NIST Asks Public For Help With Quantum-Proof Cryptography

chicksdaddy quotes a report from The Security Ledger: With functional, quantum computers on the (distant?) horizon, The National Institute of Standards and Technology (NIST) is asking the public for help heading off what it calls "a looming threat to information security:" powerful quantum computers capable of breaking even the strongest encryption codes used to protect the privacy of digital information. In a statement Tuesday, NIST asked the public to submit ideas for "post-quantum cryptography" algorithms that will be "less susceptible to a quantum computer's attack." NIST formally announced its quest in a publication on The Federal Register. Dustin Moody, a mathematician at NIST said the Institute's main focus is developing new public key cryptography algorithms, which are used today to protect both stored and transmitted information. "We're looking to replace three NIST cryptographic standards and guidelines that would be the most vulnerable to quantum computers," Moody said. They are FIPS 186-4, NIST SP 800-56A and NIST SP 800-56B. Researchers have until November, 2017 to submit their ideas. After the deadline, NIST will review the submissions. Proposals that meet the "post-quantum crypto" standards set up by NIST will be invited to present their algorithms at an open workshop in early 2018.

Post Quantum Cryptography

[1+a+bee]

Here's a good wikipedia page https://en.wikipedia.org/wiki/... summarizing the known approaches.

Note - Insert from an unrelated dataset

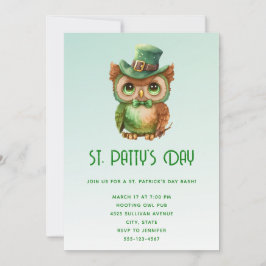 Söt uggla i grön topp hatt St. Patricks dag Inbjudningar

Interestingly, most symmetric encryption schemes seem to be secure (you just need to increase the key size apparently): it's the public/private schemes that are in trouble.

Re:D-Wave can't run Shor's algorithm, but...

[cryptizard]

The reason the D-Wave doesn't "break" RSA is that it can only do quantum annealing, which as you say is basically a search algorithm. It does not give exponential increases in efficiency like a theoretical "complete" quantum processor would. For instance, using Shor's algorithm one can factor an N bit number in time something like O(log^2 N), compared to the best algorithm on a classical computer which is something like O(N^(1/3)). In the best case, quantum annealing allows one to do a search which would normally take O(N) time on a classical computer instead in O(sqrt(N)) = O(N^(1/2)). It does not break any "complexity barriers" like a real quantum computer would, just lets you solve certain problems a bit faster.

This is a really big increase in efficiency, say going from a month worth of computation to solve a problem down to just an hour. But it is not anywhere near enough to break factoring since it would hypothetically take thousands of years to break on a classical computer. In fact, the best classical algorithm is actually slightly faster than quantum annealing because we happen to know that factoring is a problem that requires sub-exponential time to solve, O(N^(1/3)) on a classical computer vs O(N^(1/2)) on a D-Wave.